Can an executor be paid for their role administering a Will?
An executor may seek payment (such as executor’s commission) for their troubles in administering an estate.
There a number of ways the payment may occur, including:
- The will-maker leaves a provision in the will specifying payment.
- The will-maker leaves assets to the executor and specifies it is intended as payment.
- The executor applies for payment of commission based on the nature of the estate they are administering.
What is an executor’s commission?
The executor’s commission is a payment approved by the court or all the affected beneficiaries to the executor as payment for their troubles and effort in administering an estate.
How is the executor’s commission calculated?
There is no fixed scale or fee for what an executor may be charged or might be entitled to charge.

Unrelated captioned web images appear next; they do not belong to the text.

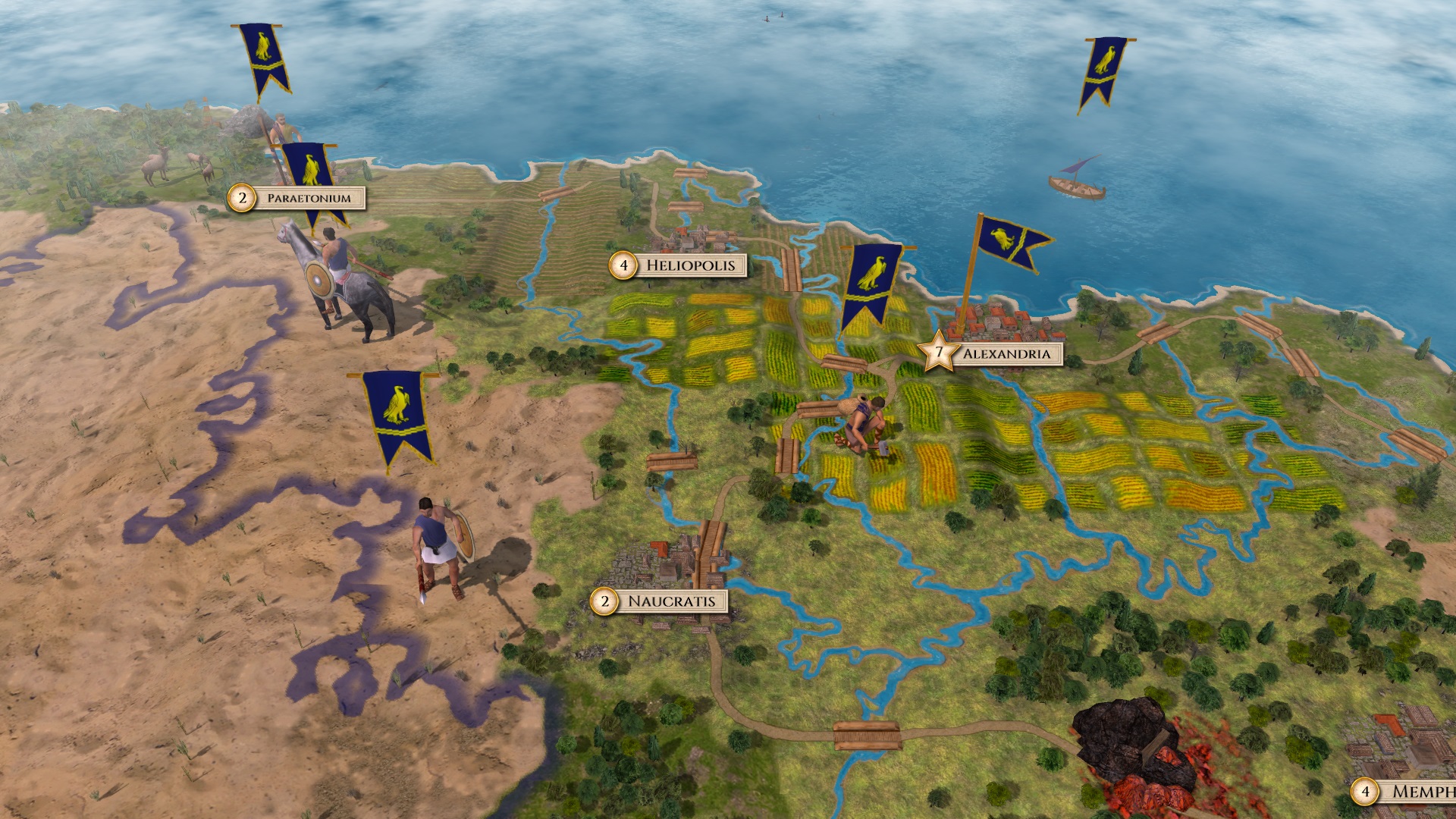 Aggressors: Ancient Rome on Steam
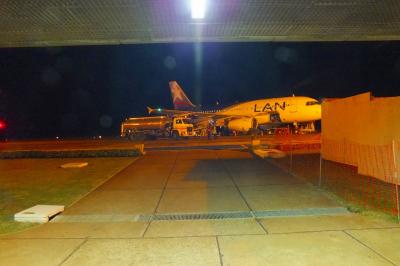 ラン航空と手荷物検査　ライターは要注意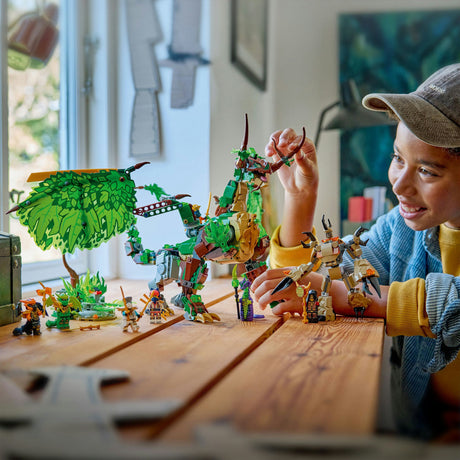 Lego – Ninjago – der Drache des Lebens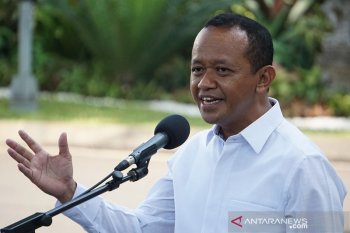Bahlil Lahadalia jadi Kepala BKPM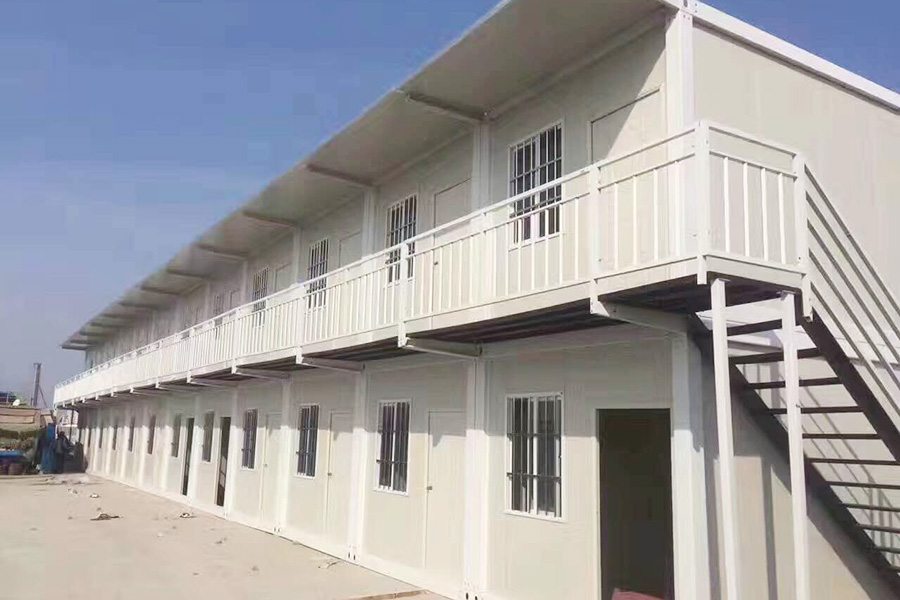 Detachable Container House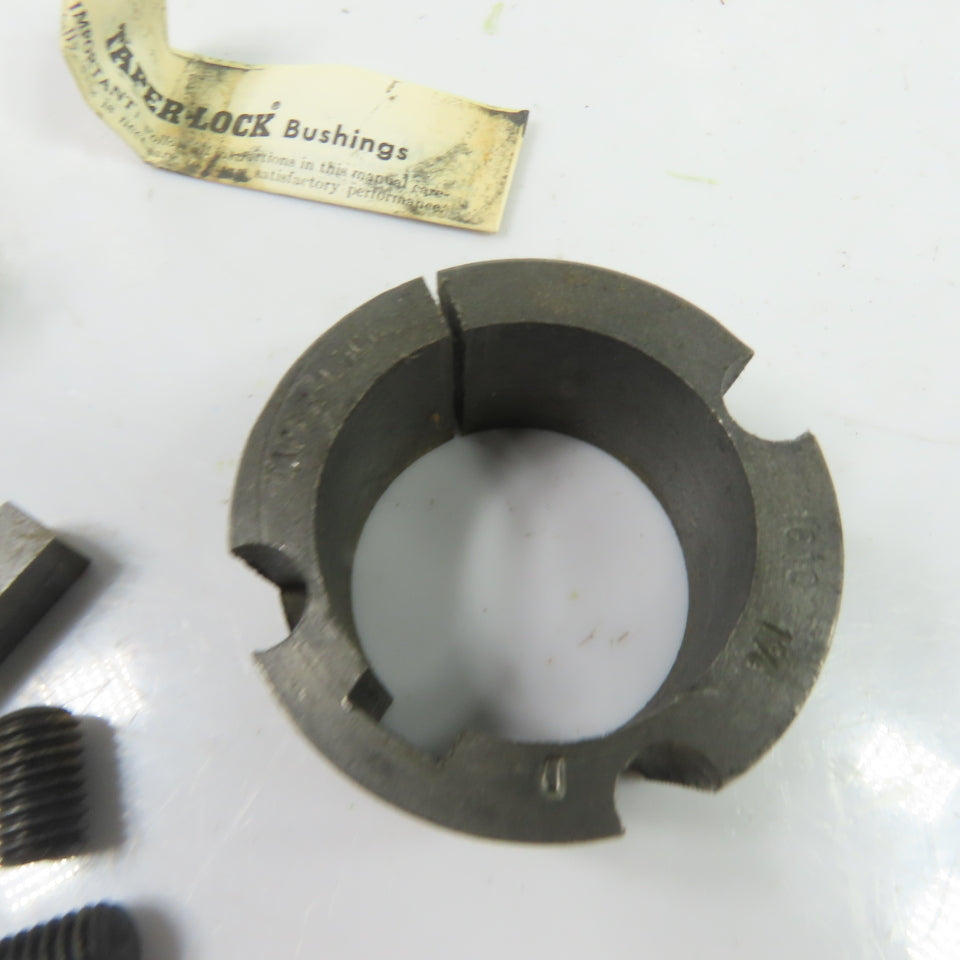 Dodge 1610X1-1/8KW Taper-Lock Bushing 1-1/8" Bore NEW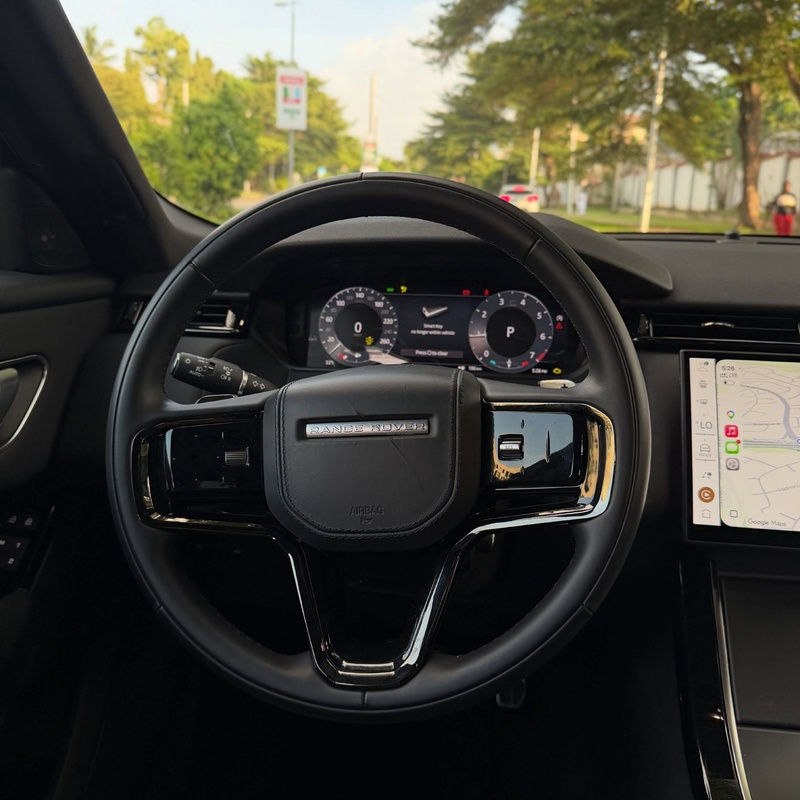2025 Range Rover Velar – Clean Foreign Used | Abuja image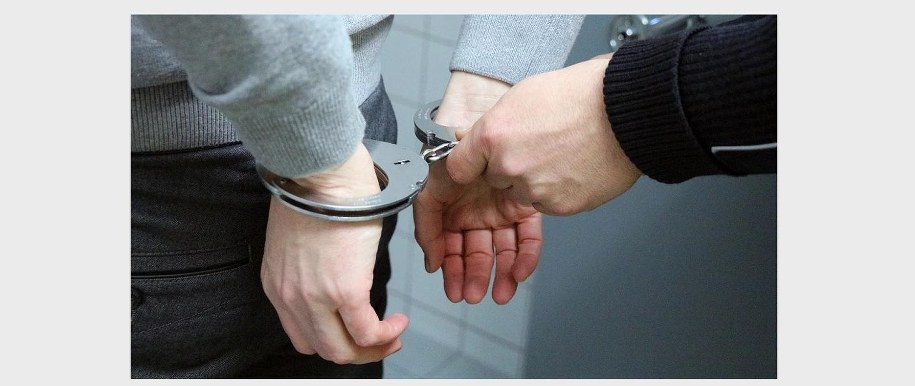 Zatrzymanie mężczyzny /CBŚP /Policja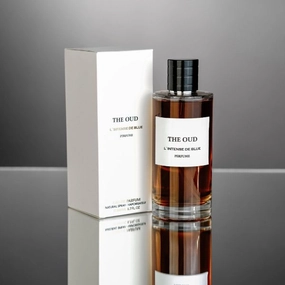 The Oud L'intense De Blue EDP 200ml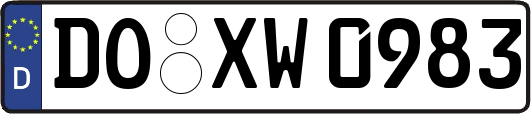 DO-XW0983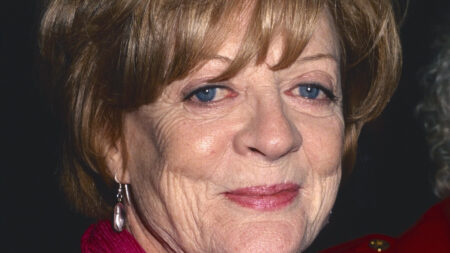 Maggie Smith Dead at 89, Leaving Behind a Lifetime of Acting Magic A close-up of Maggie Smith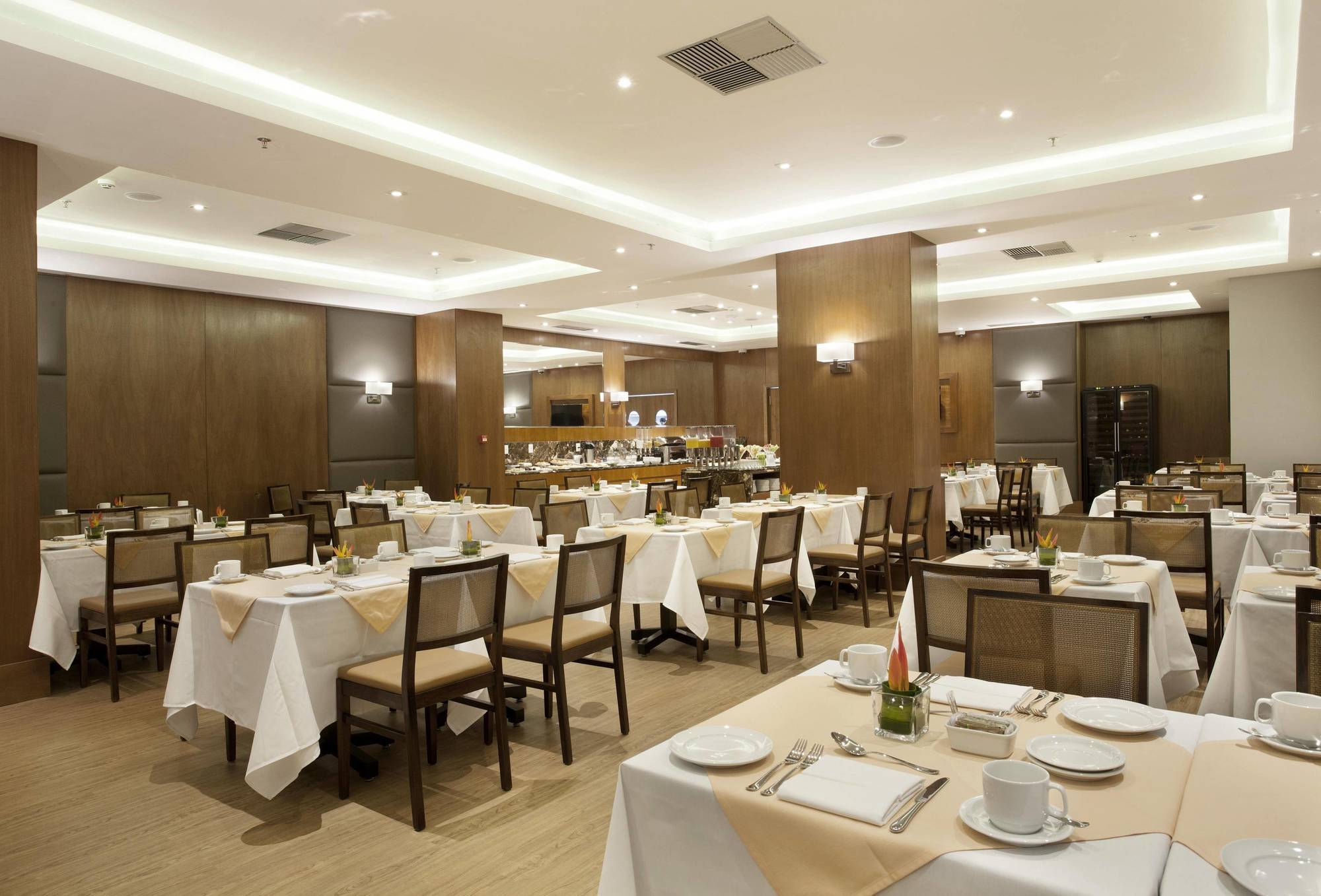 Windsor Brasilia Hotel Luaran gambar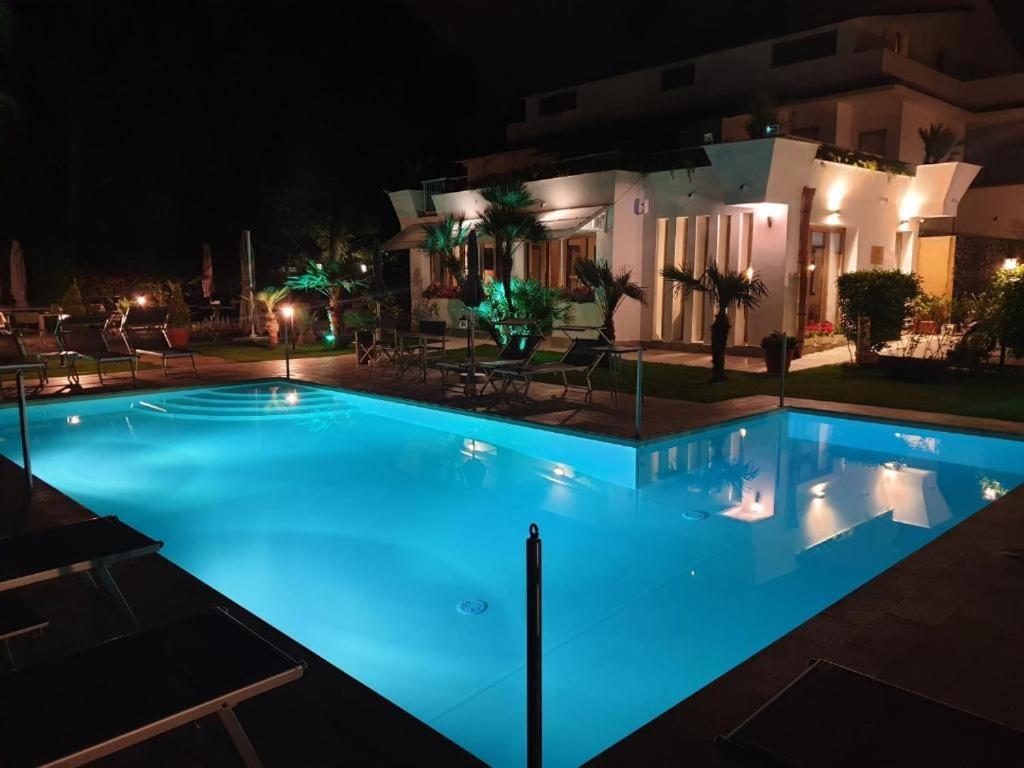 Villa San Lorenzo Palermo Exterior photo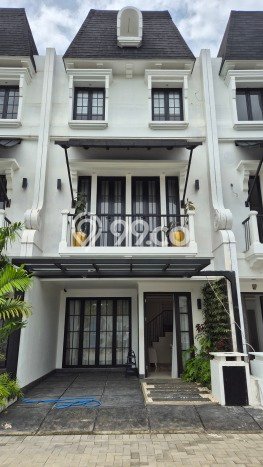 Rumah Modern 2 KT LT 48m2 di Rempoa Ciputat Timur Rumah Modern 2 KT LT 48m2 di Rempoa Ciputat Timur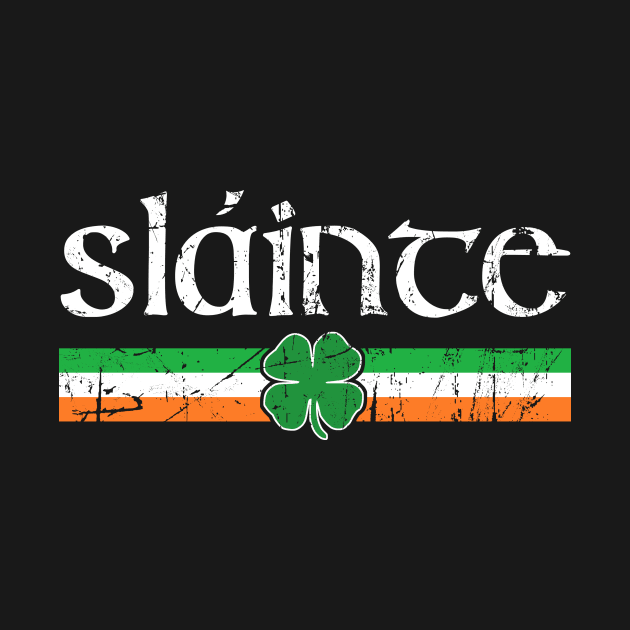 Slainte Ireland by oyshopping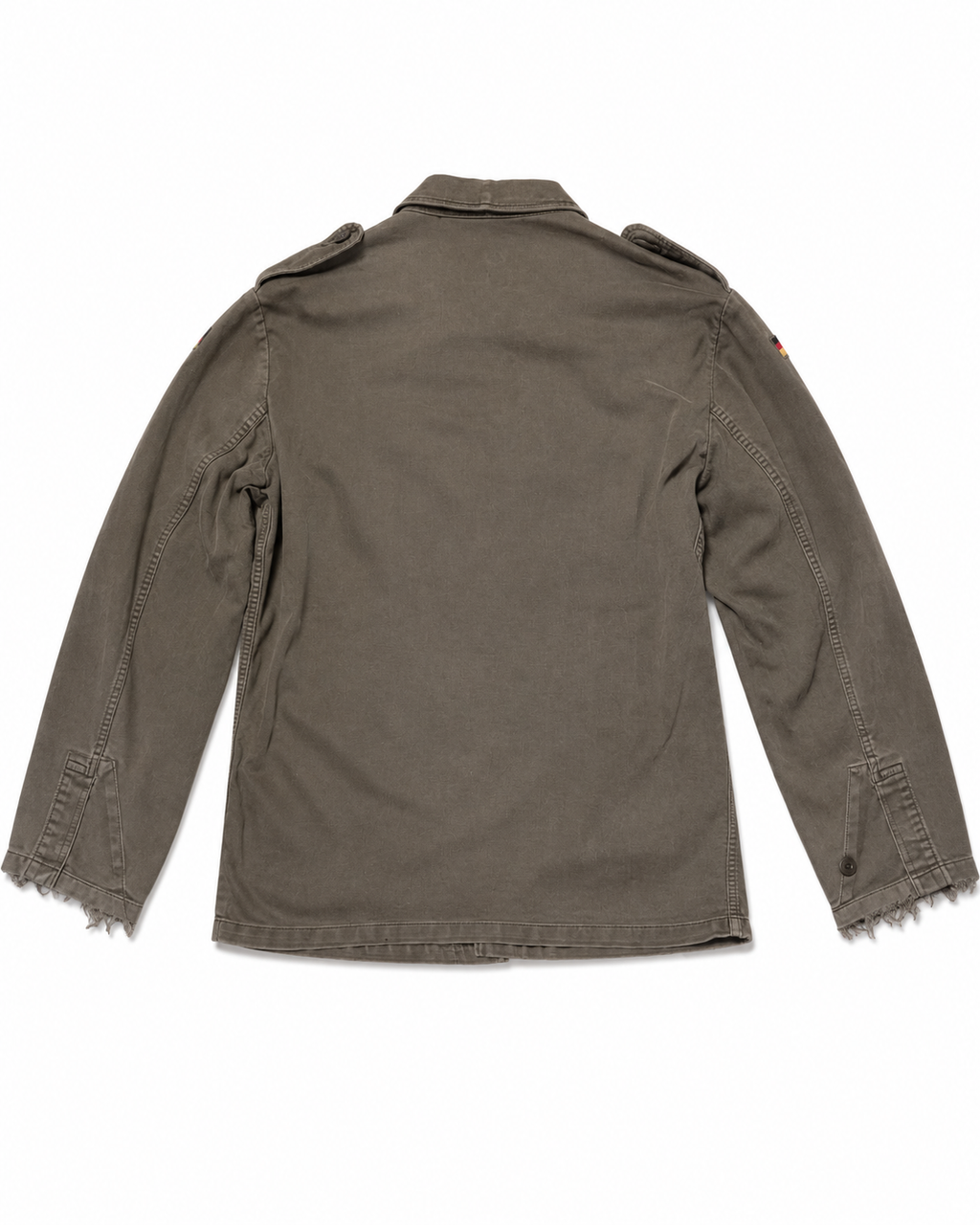 Vintage West German Army (Bundeswehr) Moleskin Field Jacket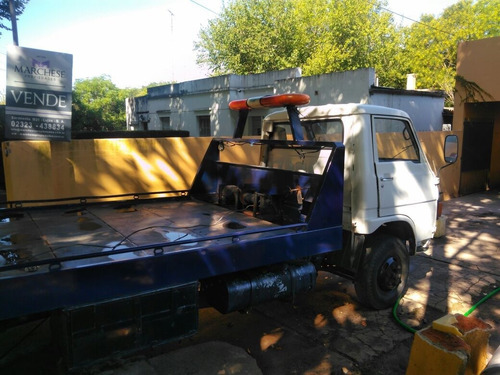 Camion Plancha Nissan 1997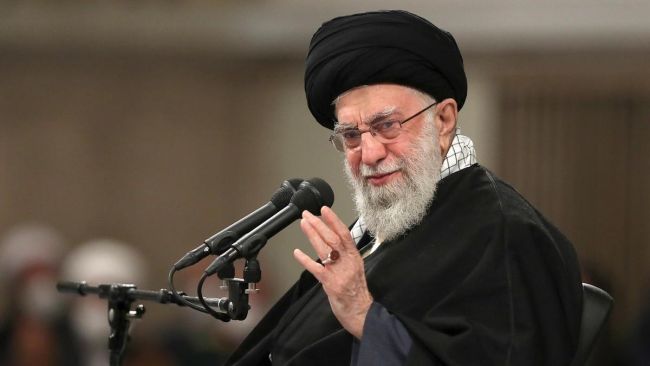Irans högste ledare avvisar kärnenergisamtal med USA
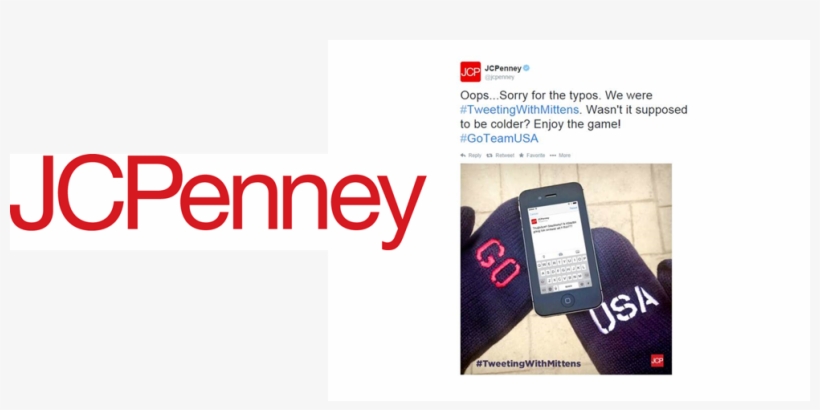 Was The Person Driving Jcpenney's Twitter Account Drunk - Mobile Phone, transparent png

The commission is generally determined having regard to the professionalism with which the executor has completed the role, the relative difficulty of the role, the size of the estate and the tasks that the executor was required to perform.
It is important to note that an executor’s commission cannot be levied without an order of the court or unanimous agreement of the affected beneficiaries.
As a general guide (though not necessarily the strict rule), the maximum commission previously granted by a court will be 6% on income derived and 5% on capital realised.
The maximums are generally reserved for very complicated, long duration or time-consuming estates. Executors should keep records of work done in their executorial role to justify commission.